Goal of the exercise:
Below are entries with pictures in them. Output exactly the lines starting at the line with "Soul Land IV Chapter 246.5-eng-li - Page 7" and ending at the line with "3 PIECES VINTAGE", both included, but not the pictures.
[Supplied data Boundary: Start]
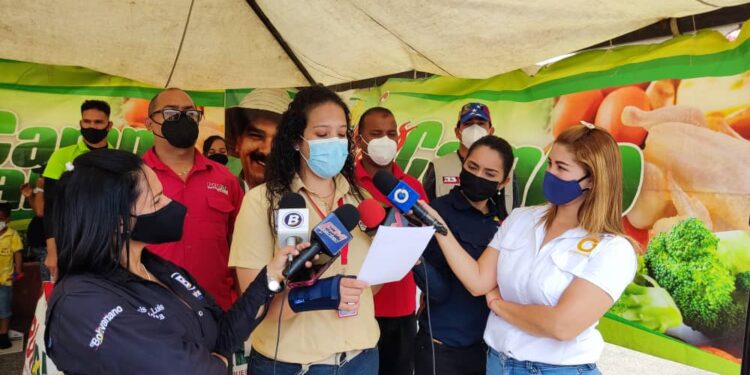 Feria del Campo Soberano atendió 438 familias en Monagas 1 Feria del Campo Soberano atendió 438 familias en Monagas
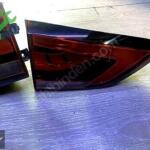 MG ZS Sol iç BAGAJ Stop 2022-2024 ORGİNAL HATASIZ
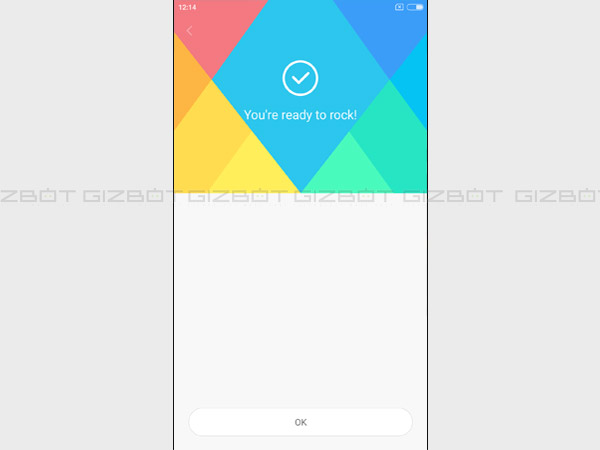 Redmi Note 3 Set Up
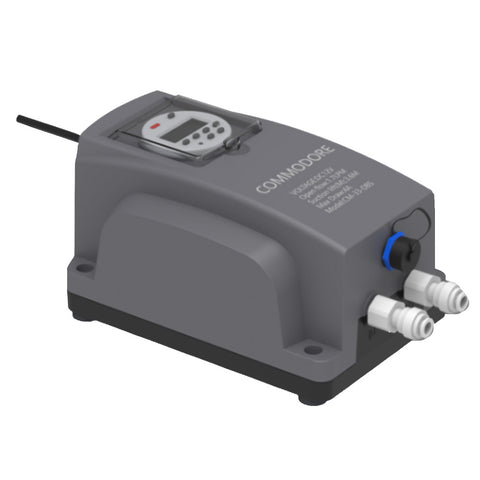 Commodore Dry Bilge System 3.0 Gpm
[Supplied data Boundary: End]
[Supplied data Boundary: Start]
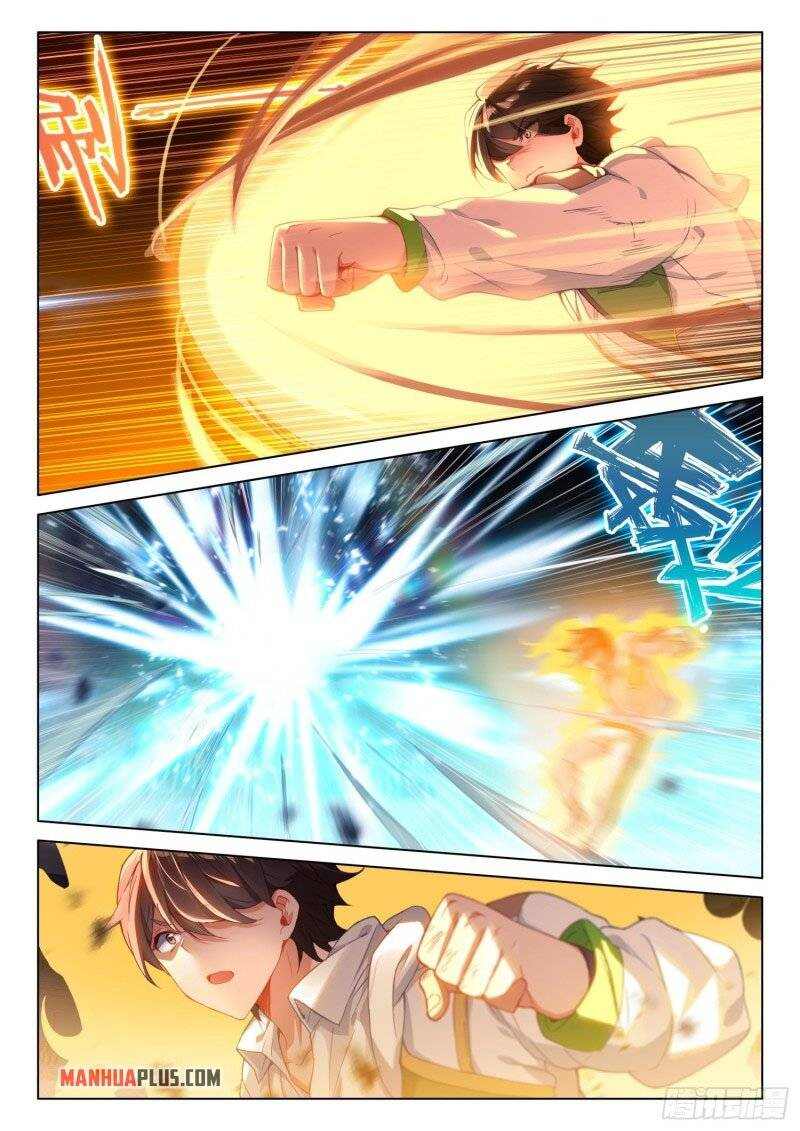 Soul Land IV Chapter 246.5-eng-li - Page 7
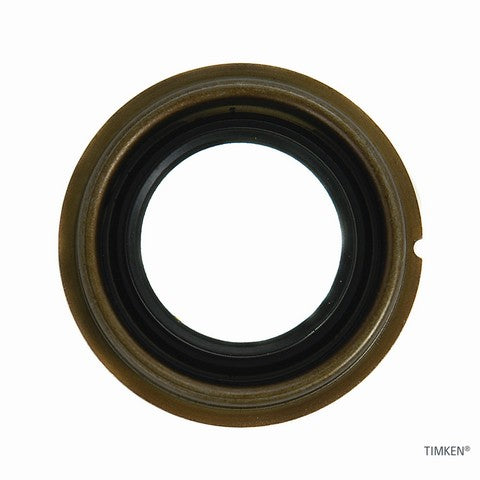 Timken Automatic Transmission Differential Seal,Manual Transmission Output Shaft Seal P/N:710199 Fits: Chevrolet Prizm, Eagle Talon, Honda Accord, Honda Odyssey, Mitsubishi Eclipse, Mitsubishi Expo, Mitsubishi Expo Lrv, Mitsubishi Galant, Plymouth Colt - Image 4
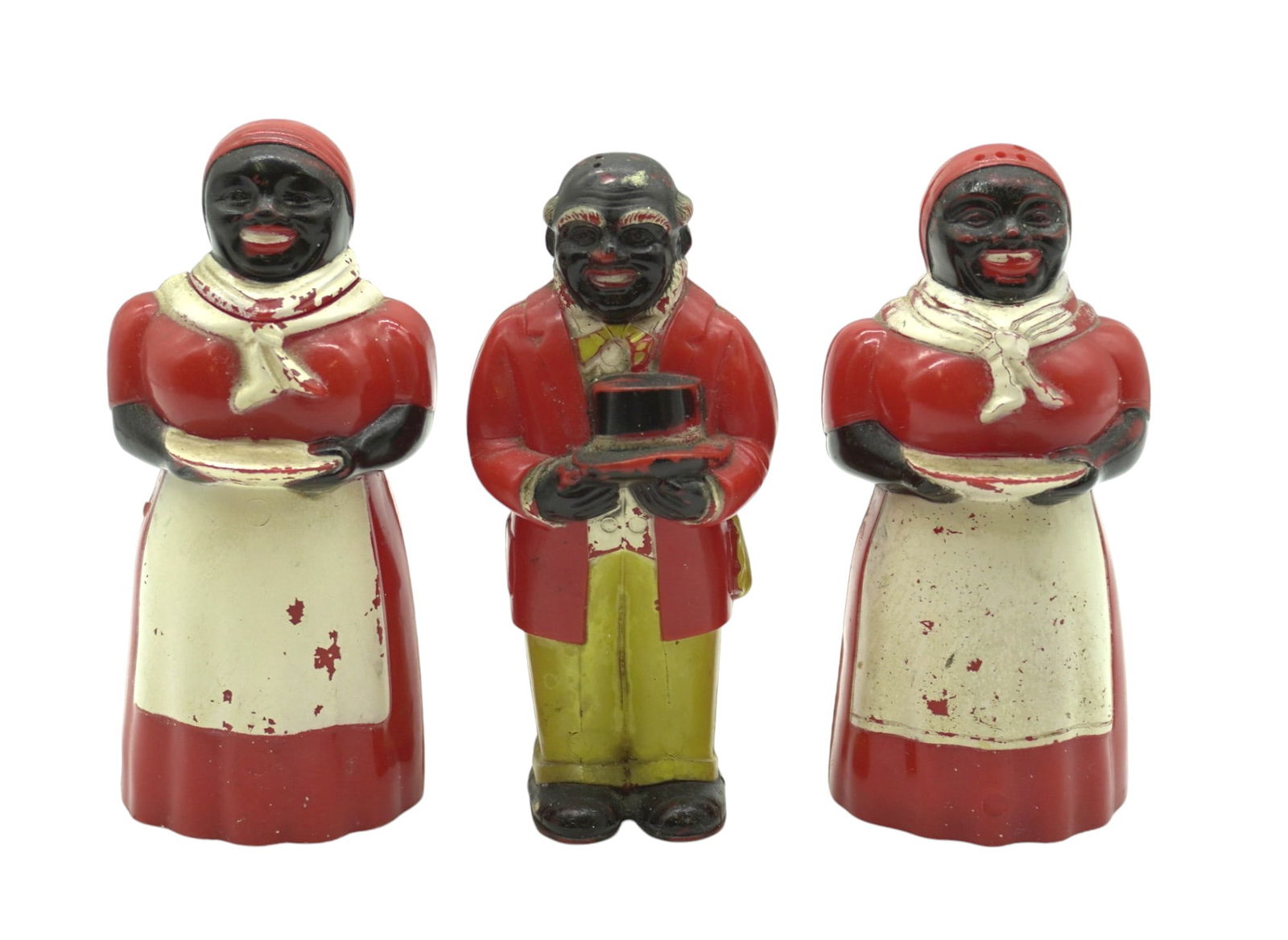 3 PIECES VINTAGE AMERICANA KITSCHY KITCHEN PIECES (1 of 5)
[Supplied data Boundary: End]
[Supplied data Boundary: Start]
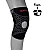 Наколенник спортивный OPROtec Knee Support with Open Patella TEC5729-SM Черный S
[Supplied data Boundary: End]
Task response:
 Soul Land IV Chapter 246.5-eng-li - Page 7
 Timken Automatic Transmission Differential Seal,Manual Transmission Output Shaft Seal P/N:710199 Fits: Chevrolet Prizm, Eagle Talon, Honda Accord, Honda Odyssey, Mitsubishi Eclipse, Mitsubishi Expo, Mitsubishi Expo Lrv, Mitsubishi Galant, Plymouth Colt - Image 4
 3 PIECES VINTAGE AMERICANA KITSCHY KITCHEN PIECES (1 of 5)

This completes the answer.